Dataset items
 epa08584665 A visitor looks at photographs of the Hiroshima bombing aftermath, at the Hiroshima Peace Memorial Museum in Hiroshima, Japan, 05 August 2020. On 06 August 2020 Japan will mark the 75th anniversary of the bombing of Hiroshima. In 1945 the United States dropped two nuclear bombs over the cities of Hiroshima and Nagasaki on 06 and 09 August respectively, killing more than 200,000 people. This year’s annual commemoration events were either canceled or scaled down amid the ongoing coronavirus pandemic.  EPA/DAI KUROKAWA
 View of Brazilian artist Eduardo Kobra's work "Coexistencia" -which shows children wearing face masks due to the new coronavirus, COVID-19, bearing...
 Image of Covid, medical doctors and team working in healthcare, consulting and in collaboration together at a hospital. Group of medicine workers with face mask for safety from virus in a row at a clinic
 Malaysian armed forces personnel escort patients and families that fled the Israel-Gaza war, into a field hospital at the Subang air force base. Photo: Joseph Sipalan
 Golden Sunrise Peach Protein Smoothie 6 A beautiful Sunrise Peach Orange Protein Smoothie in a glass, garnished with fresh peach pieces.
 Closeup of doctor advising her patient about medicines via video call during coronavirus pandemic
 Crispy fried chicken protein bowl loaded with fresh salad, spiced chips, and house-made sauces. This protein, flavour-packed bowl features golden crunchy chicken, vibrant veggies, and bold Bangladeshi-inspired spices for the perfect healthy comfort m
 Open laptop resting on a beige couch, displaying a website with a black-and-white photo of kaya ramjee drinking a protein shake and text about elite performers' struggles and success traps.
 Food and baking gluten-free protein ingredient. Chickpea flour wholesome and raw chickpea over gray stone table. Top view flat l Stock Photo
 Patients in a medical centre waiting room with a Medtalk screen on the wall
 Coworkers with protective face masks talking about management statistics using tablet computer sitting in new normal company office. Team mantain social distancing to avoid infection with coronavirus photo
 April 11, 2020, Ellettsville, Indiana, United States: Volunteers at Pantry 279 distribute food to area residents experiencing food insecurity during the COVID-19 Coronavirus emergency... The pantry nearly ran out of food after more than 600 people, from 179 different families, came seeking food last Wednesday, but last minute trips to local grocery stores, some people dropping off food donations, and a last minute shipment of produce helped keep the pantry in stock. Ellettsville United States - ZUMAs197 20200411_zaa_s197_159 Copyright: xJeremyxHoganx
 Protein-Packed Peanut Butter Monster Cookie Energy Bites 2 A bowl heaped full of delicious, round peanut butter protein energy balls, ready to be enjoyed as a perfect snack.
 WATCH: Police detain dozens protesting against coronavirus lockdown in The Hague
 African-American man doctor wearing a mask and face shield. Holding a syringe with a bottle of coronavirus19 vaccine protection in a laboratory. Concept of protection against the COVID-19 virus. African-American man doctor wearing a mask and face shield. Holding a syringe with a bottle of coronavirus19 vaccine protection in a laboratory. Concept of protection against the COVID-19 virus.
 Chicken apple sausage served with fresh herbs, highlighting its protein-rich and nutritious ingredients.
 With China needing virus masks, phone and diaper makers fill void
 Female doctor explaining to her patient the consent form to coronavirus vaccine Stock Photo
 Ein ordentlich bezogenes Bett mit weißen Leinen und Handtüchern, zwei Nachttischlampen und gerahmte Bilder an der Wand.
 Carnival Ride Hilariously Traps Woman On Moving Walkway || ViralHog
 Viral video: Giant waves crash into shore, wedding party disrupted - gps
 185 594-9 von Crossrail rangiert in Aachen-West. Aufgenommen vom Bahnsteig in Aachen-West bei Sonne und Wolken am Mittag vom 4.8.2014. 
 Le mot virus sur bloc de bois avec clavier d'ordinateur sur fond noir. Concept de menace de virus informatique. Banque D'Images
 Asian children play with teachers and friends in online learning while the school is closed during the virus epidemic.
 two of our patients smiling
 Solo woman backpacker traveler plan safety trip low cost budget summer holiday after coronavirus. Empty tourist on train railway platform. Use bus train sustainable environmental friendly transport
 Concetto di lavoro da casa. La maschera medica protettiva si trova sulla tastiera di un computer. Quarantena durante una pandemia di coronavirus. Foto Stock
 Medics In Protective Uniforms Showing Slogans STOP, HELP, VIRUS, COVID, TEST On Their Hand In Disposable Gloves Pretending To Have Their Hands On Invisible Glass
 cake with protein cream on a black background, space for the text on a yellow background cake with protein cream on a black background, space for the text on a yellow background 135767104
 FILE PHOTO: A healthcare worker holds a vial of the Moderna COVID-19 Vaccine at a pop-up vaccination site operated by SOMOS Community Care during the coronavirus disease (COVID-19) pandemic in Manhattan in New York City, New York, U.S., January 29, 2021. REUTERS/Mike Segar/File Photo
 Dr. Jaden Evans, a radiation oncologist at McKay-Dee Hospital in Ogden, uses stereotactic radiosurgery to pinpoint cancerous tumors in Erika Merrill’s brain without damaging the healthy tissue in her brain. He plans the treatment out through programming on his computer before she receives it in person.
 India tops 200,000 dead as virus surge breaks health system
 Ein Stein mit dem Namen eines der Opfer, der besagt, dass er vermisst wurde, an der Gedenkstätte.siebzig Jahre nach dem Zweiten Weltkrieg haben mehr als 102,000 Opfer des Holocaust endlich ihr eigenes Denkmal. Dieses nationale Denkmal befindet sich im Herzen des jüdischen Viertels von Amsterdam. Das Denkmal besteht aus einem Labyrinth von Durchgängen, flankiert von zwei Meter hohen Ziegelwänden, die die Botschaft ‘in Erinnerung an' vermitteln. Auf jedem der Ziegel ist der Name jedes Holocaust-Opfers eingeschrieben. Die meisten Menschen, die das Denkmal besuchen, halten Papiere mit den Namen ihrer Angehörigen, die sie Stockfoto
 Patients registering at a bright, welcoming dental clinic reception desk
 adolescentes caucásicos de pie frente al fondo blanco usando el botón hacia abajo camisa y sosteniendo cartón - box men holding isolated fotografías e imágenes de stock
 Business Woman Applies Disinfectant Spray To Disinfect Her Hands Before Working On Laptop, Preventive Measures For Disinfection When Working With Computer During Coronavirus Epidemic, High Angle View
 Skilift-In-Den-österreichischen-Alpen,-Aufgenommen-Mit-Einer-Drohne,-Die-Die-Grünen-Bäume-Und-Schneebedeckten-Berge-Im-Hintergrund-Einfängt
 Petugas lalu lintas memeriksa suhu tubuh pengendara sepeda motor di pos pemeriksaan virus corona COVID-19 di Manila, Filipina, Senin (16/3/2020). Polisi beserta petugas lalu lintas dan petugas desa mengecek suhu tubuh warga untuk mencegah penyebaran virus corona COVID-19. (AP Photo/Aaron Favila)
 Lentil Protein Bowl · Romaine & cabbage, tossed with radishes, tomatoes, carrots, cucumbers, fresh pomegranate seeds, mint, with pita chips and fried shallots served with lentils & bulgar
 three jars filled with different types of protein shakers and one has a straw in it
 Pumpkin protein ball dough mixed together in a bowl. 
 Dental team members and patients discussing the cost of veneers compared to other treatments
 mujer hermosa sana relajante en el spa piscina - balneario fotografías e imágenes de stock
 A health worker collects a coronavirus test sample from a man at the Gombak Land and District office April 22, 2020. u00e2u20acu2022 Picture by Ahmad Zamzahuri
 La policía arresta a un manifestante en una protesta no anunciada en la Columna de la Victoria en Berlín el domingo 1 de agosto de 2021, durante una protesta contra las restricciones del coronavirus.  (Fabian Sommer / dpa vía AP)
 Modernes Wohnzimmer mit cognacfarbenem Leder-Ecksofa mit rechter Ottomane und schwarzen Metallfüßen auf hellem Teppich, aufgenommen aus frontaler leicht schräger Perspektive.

__PROBLEM STATEMENT__:
Show the lines where the word "about" appears in the entries.

__ANSWER SECTION__:
 Closeup of doctor advising her patient about medicines via video call during coronavirus pandemic
 Open laptop resting on a beige couch, displaying a website with a black-and-white photo of kaya ramjee drinking a protein shake and text about elite performers' struggles and success traps.
 Coworkers with protective face masks talking about management statistics using tablet computer sitting in new normal company office. Team mantain social distancing to avoid infection with coronavirus photo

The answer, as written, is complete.